Le calcul du coefficient de fréquentation touristique repose sur 4 paramètres :
- La population INSEE sans double compte.
- A : le nombre de chambres en hôtellerie classées et non classées.
- B : le nombre d’emplacements en terrain de camping.
- C : le nombre de résidences secondaires et logements occasionnels.
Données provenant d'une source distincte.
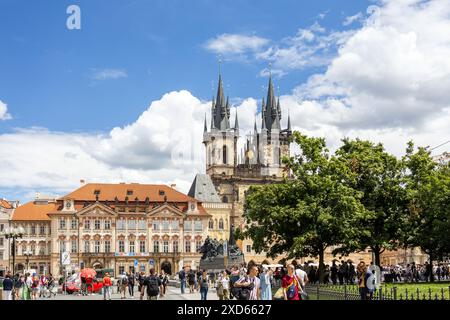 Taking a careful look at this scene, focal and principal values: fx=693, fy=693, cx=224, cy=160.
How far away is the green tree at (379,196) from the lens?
A: 170 ft

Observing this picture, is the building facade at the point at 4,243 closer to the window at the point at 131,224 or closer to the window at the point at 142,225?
the window at the point at 131,224

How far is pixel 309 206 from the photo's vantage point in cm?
4922

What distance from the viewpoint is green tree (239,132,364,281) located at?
160ft

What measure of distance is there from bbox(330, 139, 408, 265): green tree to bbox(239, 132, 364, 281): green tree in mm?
1708

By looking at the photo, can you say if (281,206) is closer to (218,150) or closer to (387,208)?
(387,208)

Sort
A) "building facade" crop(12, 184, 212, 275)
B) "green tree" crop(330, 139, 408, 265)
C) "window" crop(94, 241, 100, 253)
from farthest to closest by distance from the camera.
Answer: "window" crop(94, 241, 100, 253), "building facade" crop(12, 184, 212, 275), "green tree" crop(330, 139, 408, 265)

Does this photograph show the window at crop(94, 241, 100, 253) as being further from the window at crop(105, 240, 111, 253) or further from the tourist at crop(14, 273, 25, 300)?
the tourist at crop(14, 273, 25, 300)

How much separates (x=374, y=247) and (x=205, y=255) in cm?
1324

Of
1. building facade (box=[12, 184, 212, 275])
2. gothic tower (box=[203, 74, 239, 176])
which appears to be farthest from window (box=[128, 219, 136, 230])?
gothic tower (box=[203, 74, 239, 176])

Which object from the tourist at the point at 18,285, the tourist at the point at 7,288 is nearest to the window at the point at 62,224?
the tourist at the point at 18,285

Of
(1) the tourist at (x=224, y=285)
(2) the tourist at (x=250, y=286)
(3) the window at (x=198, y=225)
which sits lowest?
(1) the tourist at (x=224, y=285)

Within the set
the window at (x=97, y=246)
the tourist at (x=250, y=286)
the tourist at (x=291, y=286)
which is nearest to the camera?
the tourist at (x=291, y=286)

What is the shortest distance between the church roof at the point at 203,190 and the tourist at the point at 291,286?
104m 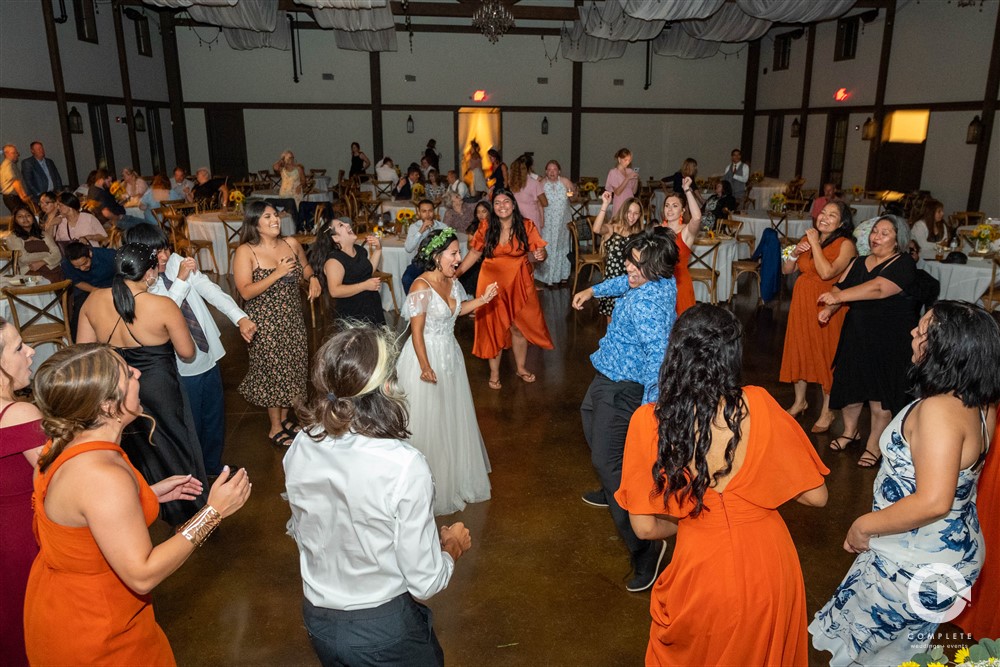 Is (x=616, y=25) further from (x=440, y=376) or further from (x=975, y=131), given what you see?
(x=440, y=376)

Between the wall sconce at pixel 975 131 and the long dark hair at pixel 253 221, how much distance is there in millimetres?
11196

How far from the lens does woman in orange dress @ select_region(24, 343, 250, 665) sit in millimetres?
1538

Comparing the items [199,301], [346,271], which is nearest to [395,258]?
[346,271]

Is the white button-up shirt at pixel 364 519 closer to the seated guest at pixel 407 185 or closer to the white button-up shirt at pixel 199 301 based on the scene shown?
the white button-up shirt at pixel 199 301

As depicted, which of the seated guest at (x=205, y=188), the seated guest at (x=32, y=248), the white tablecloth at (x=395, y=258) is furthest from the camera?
the seated guest at (x=205, y=188)

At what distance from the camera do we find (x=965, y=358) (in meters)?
1.88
Ce coefficient est calculé comme suit, directement à partir des données publiées par l’INSEE à la date de la première demande :
Indication d’Activité Touristique (IAT) = [(A x 2 lits) + (B x 3 lits) + (C x 5 lits)] / population INSEE sans double compte
Nombre maximal de dispositifs = nombre maximal fixé à l’article 17.1 selon le type de dispositifs x (1 + IAT) »
Pour le cas d’un GROUPEMENT, le nombre maximal de dispositifs est calculé en prenant en compte le nombre maximal applicable à chaque commune du Territoire du GROUPEMENT.
17.3.- Les dispositifs de rue de l’article 17.1 constituent l’un trois dispositifs de collecte des Mégots, avec le dispositif de l’article 15. (2ème dispositif) et les cendriers individuels que doit distribuer ALCOME en application de l’article 4.2 de l’annexe à l’Arrêté (3ème dispositif).
17.4.- La localisation du dispositif de l’article 17.2 est convenue entre les parties, en cohérence avec le recensement des Hotspots exigé à l’article 15.3, en tenant compte et en cohérence avec les autres dispositifs de collecte mentionnés à l’article 17.3. La localisation des dispositifs de rue ne peut être convenue avec ALCOME avant que la COMMUNE ou le GROUPEMENT ait exécuté ses obligations de l’article 15.2 et de l’article 15.3.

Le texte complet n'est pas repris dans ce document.